General characteristics
- Class & type: Dobrynya Nikitich-class patrol icebreaker
- Displacement: 3,350 t (3,300 long tons) (full load)
- Length: 67.7 m (222 ft)
- Beam: 18.1 m (59 ft)
- Draught: 6.3 m (20.7 ft)
- Depth: 8.3 m (27.2 ft)
- Installed power: 3 × 13D100 (3 × 1,800 hp)
- Propulsion: Diesel-electric; three shafts (2 × 2,400 hp + 1,600 hp)
- Speed: 14 knots (26 km/h; 16 mph)
- Range: 6,700 nautical miles (12,400 km; 7,700 mi) at 12.5 knots (23.2 km/h; 14.4 mph)
- Endurance: 17 days
- Complement: 39
- Armament: 1 × twin 57 mm AK-257; 1 × twin 25 mm 2M-3M;
- Notes: Later disarmed

= Sadko (1968 icebreaker) =

Soviet/Russian military icebreaker (1968-)

Sadko (Садко) was a Soviet and later Russian Navy patrol icebreaker built in 1968. The ship was expended as target during the Umka-2022 military drills in September 2022.
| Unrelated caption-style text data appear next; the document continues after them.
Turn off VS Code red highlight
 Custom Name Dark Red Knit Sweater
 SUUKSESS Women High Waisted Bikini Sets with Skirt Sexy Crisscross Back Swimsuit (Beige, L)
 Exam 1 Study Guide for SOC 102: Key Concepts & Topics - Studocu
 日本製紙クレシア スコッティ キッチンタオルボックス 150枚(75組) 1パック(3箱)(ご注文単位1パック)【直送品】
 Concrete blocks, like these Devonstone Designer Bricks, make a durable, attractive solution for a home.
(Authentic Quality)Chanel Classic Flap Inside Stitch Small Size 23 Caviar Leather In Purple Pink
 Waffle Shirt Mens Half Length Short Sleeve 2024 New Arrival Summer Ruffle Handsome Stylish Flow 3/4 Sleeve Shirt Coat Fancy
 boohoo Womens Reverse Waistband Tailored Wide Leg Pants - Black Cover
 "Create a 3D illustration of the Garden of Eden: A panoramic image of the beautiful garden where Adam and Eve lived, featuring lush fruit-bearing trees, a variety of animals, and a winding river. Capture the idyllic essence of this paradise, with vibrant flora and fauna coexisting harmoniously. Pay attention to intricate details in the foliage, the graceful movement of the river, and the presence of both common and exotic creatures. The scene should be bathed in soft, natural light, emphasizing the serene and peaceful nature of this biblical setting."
Sadko had a 1970-built sister ship Peresvet.

== Description ==

In the mid-1950s, the Soviet Union began developing a new diesel-electric icebreaker design based on the 1942-built steam-powered icebreaker Eisbär to meet the needs of both civilian and naval operators. Built in various configurations until the early 1980s, the Project 97 icebreakers and their derivatives became the largest and longest-running class of icebreakers and icebreaking vessels built in the world. Two of the 32 ships built were armed patrol icebreakers with increased autonomy time and operating range that enabled them to patrol the western and eastern ends of the Northern Sea Route.

Project 97AP patrol icebreakers were 67.7 m long overall and had a beam of 18.1 m. Fully laden, the vessels drew 6.3 m of water and had a displacement of 3350 t. Their three 1800 hp 10-cylinder 13D100 two-stroke opposed-piston diesel engines were coupled to generators that powered electric propulsion motors driving two propellers in the stern and a third one in the bow.

Project 97AP icebreakers were initially armed with one twin 57 MM AK-257 and one twin 25 mm 2M-3M naval guns, but later disarmed.

== History ==

The first of two Project 97AP patrol icebreakers was laid down at Admiralty Shipyard in Leningrad on 20 June 1967, launched on 28 June 1968, and delivered on 6 November 1968. The ship was named Sadko after the principal character in a Russian medieval epic bylina and joined the Soviet Navy Red Banner Pacific Fleet.

Following the dissolution of the Soviet Union, Sadko was passed over to the Russian Navy on 26 July 1992.

Sadko was expended as target during the Umka-2022 military drills in September 2022. A photograph dated 5 July 2023 shows the fire-damaged wreck moored at Petropavlovsk-Kamchatsky.